Why Environmentalists and Energy Producers Prefer Cap and Trade
Conn Carroll /
The Politico has a story today on the Warner/Lieberman cap-and-trade bill expected to win floor consideration later this spring. The article focuses on whether or not the bill should include a cap on the price of carbon credits, and whether or not credits should be given away, or auctioned off to companies. If the cap and trade system is to be in any way effective (and so far Europe’s cap and trade system has been a complete failure), then the issues covered in the Politico article are irrelevant. Whether they are given away or auctioned off, any costs born by manufactures and utility companies will be passed on to the American consumer.

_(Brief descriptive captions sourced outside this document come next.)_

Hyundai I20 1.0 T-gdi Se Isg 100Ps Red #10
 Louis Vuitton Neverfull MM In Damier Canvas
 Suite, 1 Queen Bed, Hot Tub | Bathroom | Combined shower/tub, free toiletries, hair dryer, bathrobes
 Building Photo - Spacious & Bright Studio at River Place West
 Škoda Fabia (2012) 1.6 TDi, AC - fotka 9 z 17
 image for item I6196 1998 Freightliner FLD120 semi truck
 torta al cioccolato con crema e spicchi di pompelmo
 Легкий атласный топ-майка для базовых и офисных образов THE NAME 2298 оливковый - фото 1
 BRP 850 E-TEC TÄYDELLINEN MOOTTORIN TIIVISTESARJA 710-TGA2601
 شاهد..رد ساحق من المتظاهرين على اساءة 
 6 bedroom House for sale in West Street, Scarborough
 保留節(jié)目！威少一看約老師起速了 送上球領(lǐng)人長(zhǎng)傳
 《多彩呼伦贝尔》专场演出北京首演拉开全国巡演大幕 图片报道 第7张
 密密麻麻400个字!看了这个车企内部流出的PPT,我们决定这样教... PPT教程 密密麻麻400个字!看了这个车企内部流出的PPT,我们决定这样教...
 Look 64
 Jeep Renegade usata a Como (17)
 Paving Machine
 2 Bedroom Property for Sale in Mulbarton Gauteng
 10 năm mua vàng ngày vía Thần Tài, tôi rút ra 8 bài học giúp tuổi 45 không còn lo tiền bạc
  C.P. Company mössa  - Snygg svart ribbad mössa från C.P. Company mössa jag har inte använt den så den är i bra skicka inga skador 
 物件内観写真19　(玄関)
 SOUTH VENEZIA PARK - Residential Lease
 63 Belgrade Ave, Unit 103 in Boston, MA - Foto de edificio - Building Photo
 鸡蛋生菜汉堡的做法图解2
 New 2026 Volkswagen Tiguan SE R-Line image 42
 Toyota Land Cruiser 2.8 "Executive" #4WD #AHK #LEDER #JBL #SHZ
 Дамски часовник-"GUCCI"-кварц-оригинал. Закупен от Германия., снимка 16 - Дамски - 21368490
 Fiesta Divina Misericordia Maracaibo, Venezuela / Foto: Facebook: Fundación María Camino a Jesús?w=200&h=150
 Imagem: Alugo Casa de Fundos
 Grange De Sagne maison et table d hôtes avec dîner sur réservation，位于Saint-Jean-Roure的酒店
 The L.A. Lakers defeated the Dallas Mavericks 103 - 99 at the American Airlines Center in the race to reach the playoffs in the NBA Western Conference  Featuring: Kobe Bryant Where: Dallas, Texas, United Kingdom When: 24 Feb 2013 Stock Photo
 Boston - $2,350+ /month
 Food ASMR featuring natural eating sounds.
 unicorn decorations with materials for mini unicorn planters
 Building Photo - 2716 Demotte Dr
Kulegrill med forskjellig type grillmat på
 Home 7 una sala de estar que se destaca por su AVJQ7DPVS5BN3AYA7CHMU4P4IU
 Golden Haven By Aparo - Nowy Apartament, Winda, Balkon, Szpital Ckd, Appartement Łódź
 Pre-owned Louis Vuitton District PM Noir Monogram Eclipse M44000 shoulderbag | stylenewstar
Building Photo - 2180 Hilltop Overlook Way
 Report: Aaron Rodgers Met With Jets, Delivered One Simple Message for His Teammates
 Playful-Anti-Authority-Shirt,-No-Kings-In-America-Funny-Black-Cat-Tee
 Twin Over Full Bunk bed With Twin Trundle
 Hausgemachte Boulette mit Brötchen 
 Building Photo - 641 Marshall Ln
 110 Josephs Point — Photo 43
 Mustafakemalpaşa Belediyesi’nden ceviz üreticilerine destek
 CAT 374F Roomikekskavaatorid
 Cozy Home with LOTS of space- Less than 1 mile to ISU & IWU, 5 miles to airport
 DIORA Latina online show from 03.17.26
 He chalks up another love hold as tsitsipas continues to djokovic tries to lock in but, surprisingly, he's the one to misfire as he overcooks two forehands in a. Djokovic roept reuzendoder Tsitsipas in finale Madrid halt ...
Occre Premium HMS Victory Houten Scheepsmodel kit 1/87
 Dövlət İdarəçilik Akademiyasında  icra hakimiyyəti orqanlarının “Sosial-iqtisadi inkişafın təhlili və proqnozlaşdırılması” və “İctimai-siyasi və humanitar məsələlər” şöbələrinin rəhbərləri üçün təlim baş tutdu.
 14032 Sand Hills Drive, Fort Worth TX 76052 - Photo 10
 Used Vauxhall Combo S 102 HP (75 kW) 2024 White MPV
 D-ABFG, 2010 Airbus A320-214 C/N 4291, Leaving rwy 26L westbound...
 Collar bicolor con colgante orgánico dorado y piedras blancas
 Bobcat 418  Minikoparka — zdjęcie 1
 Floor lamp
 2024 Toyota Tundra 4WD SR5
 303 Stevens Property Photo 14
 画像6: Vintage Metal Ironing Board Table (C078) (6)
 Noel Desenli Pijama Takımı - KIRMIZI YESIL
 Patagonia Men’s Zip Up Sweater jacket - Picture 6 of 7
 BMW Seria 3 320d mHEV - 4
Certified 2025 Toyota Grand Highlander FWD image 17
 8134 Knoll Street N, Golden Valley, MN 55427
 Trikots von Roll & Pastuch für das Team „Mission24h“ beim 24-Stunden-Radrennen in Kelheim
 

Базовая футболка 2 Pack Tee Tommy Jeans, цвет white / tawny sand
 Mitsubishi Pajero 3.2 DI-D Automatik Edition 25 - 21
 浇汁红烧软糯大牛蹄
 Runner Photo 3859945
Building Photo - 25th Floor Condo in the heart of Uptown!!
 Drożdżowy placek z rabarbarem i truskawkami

Cap and trade is nothing more than an energy tax in disguise. It works by reducing the demand for energy by increasing its price. It is a regressive tax, as low-income households spend a larger share of their income on energy. The genius of cap-and-trade as opposed to an honest carbon tax, is that the tax is hidden. Instead of a line on a home heating bill itemizing the tax, cap-and-trade hides the costs of reducing carbon emissions through complex transactions that the public never sees. The costs to the economy are real. Heritage calculations show under the Warner/Lieberman bill:
- Total GDP (adjusted for inflation) losses are at least $1.5 trillion and realistically could grow to $4.8 trillion by 2030.
- Single-year GDP losses hit at least $136 billion and realistically could exceed $400 billion.
- Job losses exceed one-half million annually before 2030 and may approach one million in some years.
- The annual cost of emission permits to energy users will be at least $390 billion by 202 and could exceed $690 billion by 2030. To put these numbers in perspective, taxpayers spent $43 billion on the Department of Homeland Security and $549 billion on the Department of Defense in 2007.